Inoussa Maïga | October 11, 2010
Saïdou Ouedrago is a farmer in Koualga, a village in southern Burkina Faso. He is a happy man. His wheat fields promise a good harvest this year.
Burkina Faso is preparing to mark World Food Day 2010 on October 16. Gourcy, a town in the north, will host the event this year. Mr. Ouedrago says, “It’s a difficult thing to commemorate as the price surges in 2007 and 2008 made food insecurity worse in developing countries, particularly Burkina Faso.”
Last year, the UN Food and Agriculture Organization noted that there were one billion hungry people worldwide. The figure hit the billion mark in 2009 partly because of soaring food prices and the financial crisis. FAO recently announced a new estimate of 925 million.
Though the number of hungry people is near an all time high, Mr. Ouedrago remains confident. He explains: “What is good is that agriculture is increasingly in the international agenda.”
Bakary Korgo is a grower in the Kou valley, and Souleymane Diabate farms in the Cascades region.

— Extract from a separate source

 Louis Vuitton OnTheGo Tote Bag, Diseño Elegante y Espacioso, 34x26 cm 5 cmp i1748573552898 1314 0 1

Unlike Mr. Ouedrago, they were unaware of World Food Day. But they were delighted to learn about it. Mr. Korgo says, “If such a day exists, it’s a good thing because food is central to our everyday concerns.” Mr. Diabate adds: “To feed the growing population of Burkina Faso is a challenge we farmers are involved in.” He believes that it’s worthwhile to dedicate a day to food and the people who grow it.
Mr. Ouedrago, Mr. Korgo and Mr. Diabate are conscientious farmers. They support united efforts to beat hunger. Mr. Ouedrago insists, “To eat, our farmers must produce well. This day is an opportunity for us farmers to question our leaders about the challenges we face.” Mr. Korgo explains that he lacks current market information. And he cannot always get the agricultural inputs he needs to increase his yields. As a result, he does not make a lot of profit when he sells his products.
Mr. Diabate suggests, “Public institutions, civil society organizations and private individuals must work together to promote agriculture to eradicate hunger and [the] extreme poverty of our people.”
The Burkinabe government and international donors have renewed their commitment to increase investment in agriculture. Despite the difficulties they face, each of the three farmers is optimistic that their country will achieve food security.